Two data protection officers delivered guest talks on data protection impact assessment to our students

On Tuesday 21 March 2023, two data protection officers (DPOs), Laura Pullin from the University of Kent and Adrian Leung from Equifax UK, delivered guest talks on data protection impact assessment (DPIA) for students of the module COMP8340/6660 “Information Security Management”. This module is designed for a wide range of students to gain knowledge about how real-world information security systems and processes can be managed, particularly for students studying the three cyber security degree courses of the School of Computing, University of Kent: MSc Cyber Security and MSc Computer Science (Cyber Security) and BSc Computer Science (Cyber Security). 

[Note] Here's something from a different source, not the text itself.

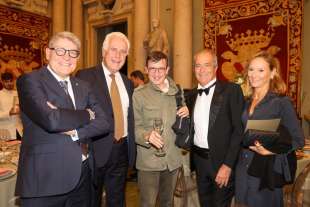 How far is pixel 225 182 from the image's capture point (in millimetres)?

Professor Shujun Li, the module convenor, said: ‘I was very glad to see two DPOs coming to share their rich experience on DPIA and legal compliance matters about data protection with our students. The fact that they come from two very different sectors also allowed our students to see how different sectors and organisations could manage data protection matters and DPIA very differently. 

Laura Pullin, DPO of the University of Kent, said: ‘I was delighted to have been asked by Professor Li to contribute to this module and to see how engaged the students were. Data protection impact assessments (DPIAs) are a fundamental part of identifying the risks associated with data processing, and the technical and organisational controls required to mitigate and manage these risks. With so much personal data being processed electronically nowadays, it is inevitable that students on these degree courses will be required to contribute to DPIAs when they join the workforce and their interest and enthusiasm will no doubt be of great support to the Data Protection Officers that they work with!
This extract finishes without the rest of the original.